Я хожу в детский сад. Папа говорит, что это моя работа, и смеется. Он вообще редко смеется. Раньше, когда мама заболела туберкулезом, она лежала в больнице, тогда я оставалась в садике ночевать, папа брал меня только на выходные. Воспитательница Ирина Павловна сказала папе, что у меня вши, что я все время держу обе руки в голове. Дома папа взял тетрадку в клеточку, положил ее на стол, я наклонилась над тетрадкой, он стал меня вычесывать и вши посыпались на тетрадку и прыгали по клеточкам. Тогда он отвел меня в парикмахерскую и меня постригли наголо. Машинкой постригли вместе с вшами. У нас в группе есть еще ребята, которых постригли. И девочки тоже.
А потом папа сказал, что мама выздоровела и скоро приедет. Я ждала ее на балконе и смотрела на дорогу, а когда я ее увидела, побежала к ней на улицу и хотела обнять, а она сказала: «Боже, что у тебя на голове?» А я еще была почти лысая, поэтому она так сказала. У мамы самой очень длинные волосы и красивые. Она говорит про них «проклятье», потому что после бани их надо долго-долго расчесывать.
А зимой был грипп. И мама работала даже по выходным. Со мной некому было сидеть, и она брала меня с собой на вызовы. Мы ходили в другие бараки целый день, мама выписывала рецепты. Она ставила меня перед собой, клала мне на шапку рецепт и выписывала. У меня шапка сверху плоская и твердая, на ней удобно писать. Один пациент сказал: «Какой у вас удобный ребенок, Цира Яковлевна». Это он про меня сказал. А мама ничего не сказала, она очень устала от гриппа и говорила только: «Ой вэй». Я спросила, что такое «ой вэй». А мама сказала – когда жизнь тяжелая, так говорят.
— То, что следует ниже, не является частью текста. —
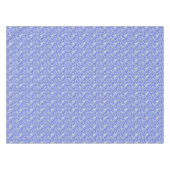 Witte vogels en bloemen op blauw tafelkleed (Voorkant (Horizontaal))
Потом я заболела гриппом. Мама сказала: «Это потому, что я тебя таскала с собой». Я лежала в кровати, а комната становилась круглой, в ней были стулья, много стульев, они все приходили и приходили – стулья. Это как сон, но я не спала. Мама сказала, что это бред из-за гриппа.
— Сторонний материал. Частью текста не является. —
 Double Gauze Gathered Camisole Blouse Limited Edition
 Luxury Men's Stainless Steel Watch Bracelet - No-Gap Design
Потом я выздоровела и пошла в садик. Нам там дают манный пудинг с киселем на сладкое. Я только кисель ложкой съедаю, а манный пудинг не ем, потому что он белый и блестит. И дрожит. И у него сверху корочка. Но воспитательница говорит, что пока я не съем, не пойду спать. А я ей один раз ответила «Ой вэй!», но она не поняла. Все уже уходят на мертвый час, а я сижу за столом. Воспитательница говорит, что как мне не стыдно, идет война, люди голодают, а я не ем этот пудинг. Потом она меня отпускает.
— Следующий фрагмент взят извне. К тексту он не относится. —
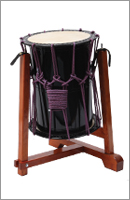 Okedou Daiko on hanging stand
Манный пудинг дают часто. Я все время из-за него всех задерживаю. Но когда работает повариха Галя, она идет мимо, когда я уже съела кисель, и незаметно половником мне еще на пудинг кладет кисель. Я его опять ем. Я быстро его ем, чтобы воспитательница не заметила, что у меня второй кисель. Я рассказала маме, а мама засмеялась и сказала, что знает Галю, это ее пациентка.
А еще на меня нарисовали в стенгазете карикатуру и написали: «У всех тихий час, а Таня Шумилина все еще ест». Стенгазета называется «молния», мы ее смотрим, а потом идем играть. У меня в саду нет кукол, только буденновцы и мишки. У меня были куклы, но, когда мы эвакуировались, мама их оставила в Подольске. Она сказала, что война, что «вот только кукол мне не хватало» и что она не знает, как ей все сложить, всего пять мест дали, и как ей всю свою жизнь в пять мест упаковать.